The ambiarchic process of membership building, spiritual maturation, and personal development is expected to last for a good while before maturing. As such, ambiarchists grandfather in systems of authority, such as bad governments and capitalism, and maintain an understanding of governables and ungovernables themselves.
Governables include previous ruling classes and the socially apathetic, who lacks merit of participation. Unlike many anarchists, who extend solidarity to the worker qua worker, the ambiarchist extends solidarity to the worker, among all others, as revolutionary, and only if active as such. The apathetic worker is treated much the same as the hunter-gatherer who lost anarchy long ago, after failing to organize.
Plato suggested that those who refuse to participate in politics are fated to be governed by those who do. To my view, a true anarchy– or good government– occurs when everyone participates, leaving none to be governed by a ruling class. Current structures do not allow for this, and so must be replaced. The same must be said of current attitudes, which gives rise to the need for a meritocratic substructure, which promotes ascension to higher values, as they are required in civil society.

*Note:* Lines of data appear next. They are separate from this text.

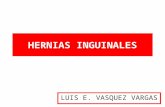 HERNIAS INGUINALES Y EVENTRACIONES.ppt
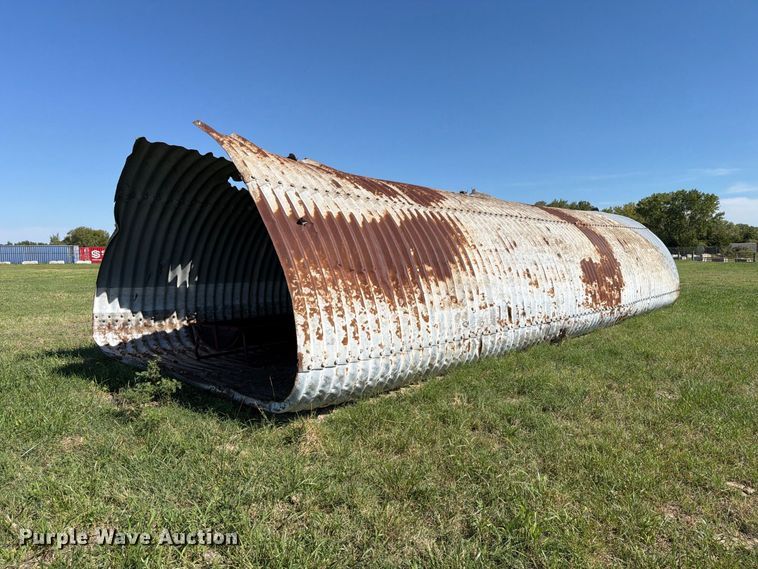 image for item EP7821 (3) culverts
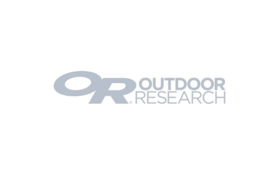 Outdoor Research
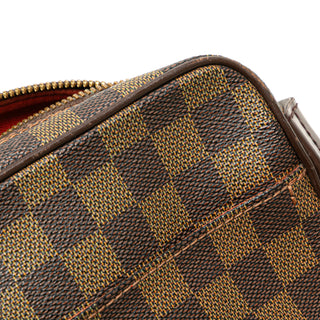 Damier Ebene Olav PM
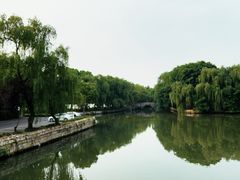 -柯岩风景区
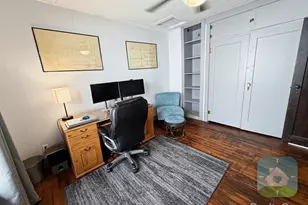 610 N 100 E, Price, UT 84501 - Photo 12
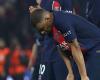PSG. Seven years of ups and downs between Kylian Mbappé and Parisian supporters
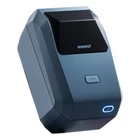 Kép 2/4 - Niimbot K3W portable label printer (blue)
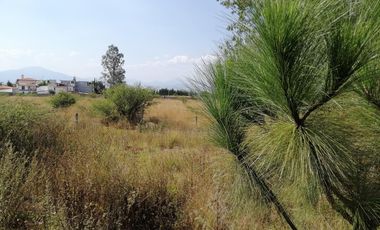 Terreno en  Venta en Altozano fraccionamiento privado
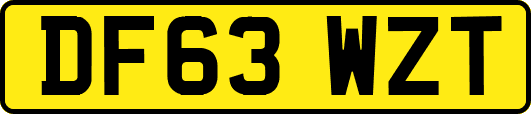 DF63WZT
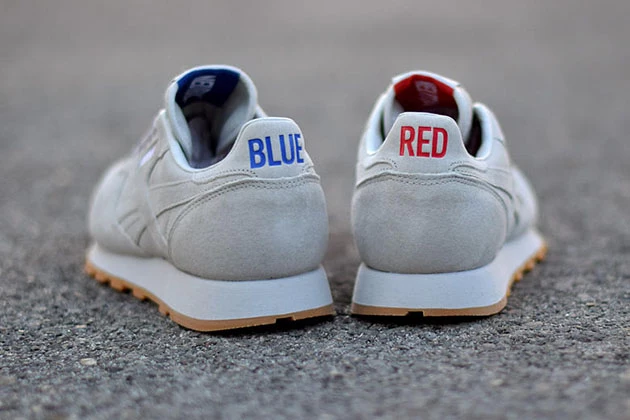 kendrick lamar reebok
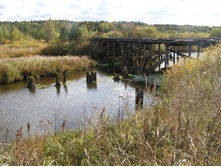 ���� � �������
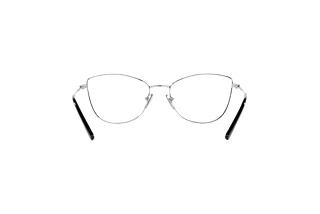 Bagside Vogue Eyewear VO4273 (323)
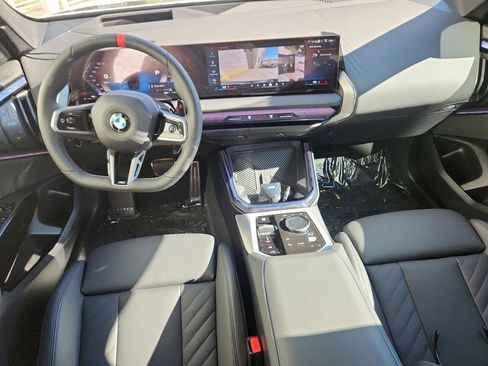 Used 2025 BMW X3 M50 w/ Premium Package AWD/4WD image 31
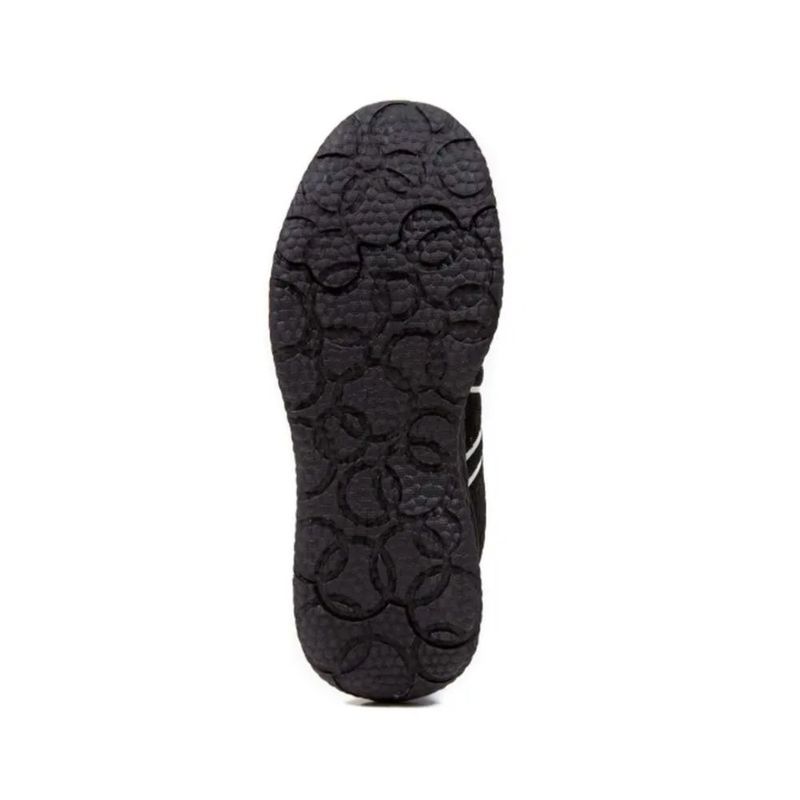Zapatillas-anation-Atlas-Training-6107320-4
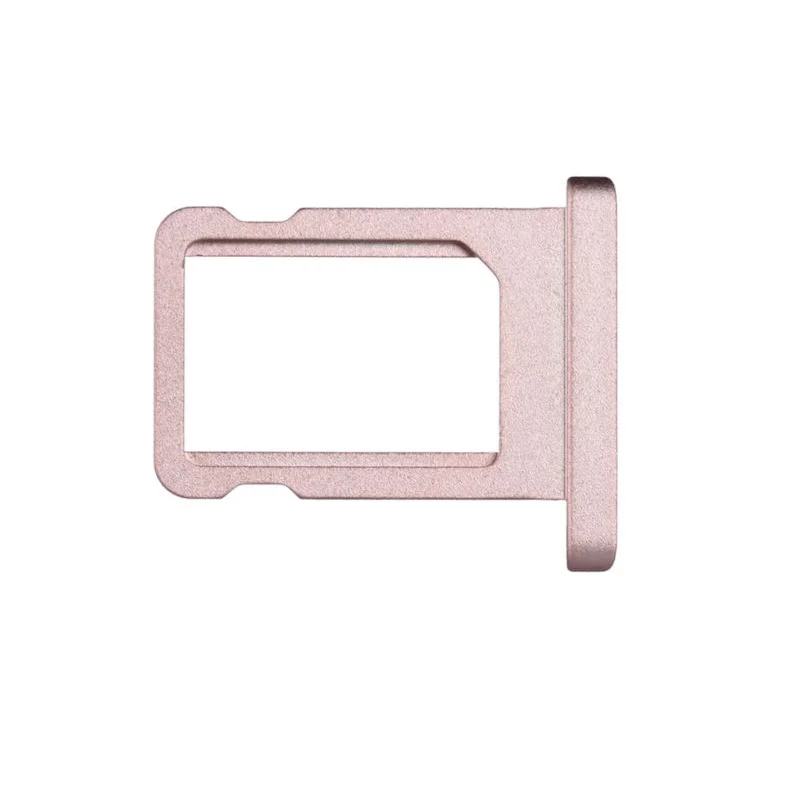 Для Apple iPad Pro 9 7 &quot/iPad Mini 4 Серебряный/серый/золотой/розовый золотой цвет держатель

A fully-realized end-of-process ambiarchy would be the good government which is achievable only through a virtuous population. It is said that within such a population the structure of the government matters not, because a virtuous population restricts government of any form from abuse. But the ambiarchy is fundamentally non-hierarchical within the association, in that all official actions are sanctified by the whole, and not a ruling class, as the anarchists of old would have had it. Any apparent hierarchies within an ambiarchy are hierarchical only in form, not substance. It turns out that anarchy and good government require the same objective conditions for their destinies to take hold: virtuous people and a just structure. For sake of this paper, virtuous people are those who develop their interpersonal skills and who are reasonable, honorable, and maintain their integrity.
Ambiarchy does not distinguish between good governance and the confederation of social anarchy, but holds instead that social anarchism is the correct position for governors to seek for themselves, and encourages all to become co-governors. Those who have enlightened themselves have good cause to feel that their authority over the unenlightened is natural and necessary, and so to pursue good government for themselves (good, in good government, refers to the varying degrees of mutual autonomy and consensus, and their protection).
To the ambiarchist, an anarchist (internally non-hierarchical) government which rules over non-anarchists by their own principles isn’t so bad. Is it a state or not? Those who want government or who are too willfully ignorant to become anarchists are governed, and those who don’t want to be governed, and who put in the effort not to be, aren’t. It’s more voluntary than anarcho-capitalism (consider the ambiarchy a landlord, rather than a government), and does to others what they would do to a stranger. It’s arguably the only rendition of anarchy or good government that would allow everyone to go about their own preferences, with the supreme dictate, enforced by good government, which states: “Anarchy is Law.” Anyone who tries to establish a bad government– one which is not truly an anarchy– will be stopped by the long arms of good government, the organized anarchists and their friends.